6.4.2 Writing an Excel file
To write an Excel file in R, you can use the write_xlsx()
function from the writexl
package. You can install the writexl
package using the following command:
install.packages("writexl")
Once the package is installed, you can load it into your R session using the library()
function:
The write_xlsx()
function allows you to write a data frame to an Excel file. Here’s an example:
write_xlsx(df, "data.xlsx")
You can check the current working directory to see if the Excel file was created successfully. If you want to specify a different directory or file path, you can provide the full path in the write_xlsx()
function.
# see what the current working directory is
getwd()
[1] "/Users/davsean/Documents/git/RBiocBook"

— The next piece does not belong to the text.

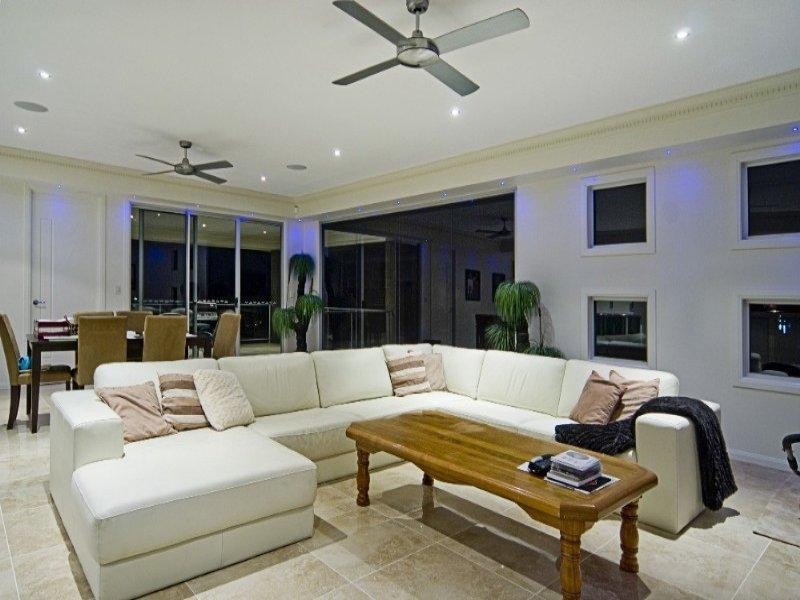 32 Knightsbridge Pde West, Paradise Point QLD 4216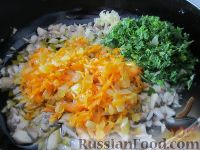 Фото приготовления рецепта: Картофельный суп с вешенками и плавленым сырком - шаг №17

# and check to see that the file was created
dir(pattern = "data.xlsx")
[1] "data.xlsx"
And, of course, if you find the file on your computer, you can open it in Excel to verify that the data was written correctly.
6.5 Additional options
- Google Sheets: You can read and write data from Google Sheets using the
googlesheets4
package. This package provides functions to interact with Google Sheets, enabling you to import and export data from Google Sheets to R. - JSON files: You can read and write JSON files using the
jsonlite
package. This package provides functions to convert R objects to JSON format and vice versa, enabling you to work with JSON data in R. - Database files: You can read and write data from database files using the
DBI
andRSQLite
packages. These packages provide functions to interact with various database systems, enabling you to import and export data from databases to R.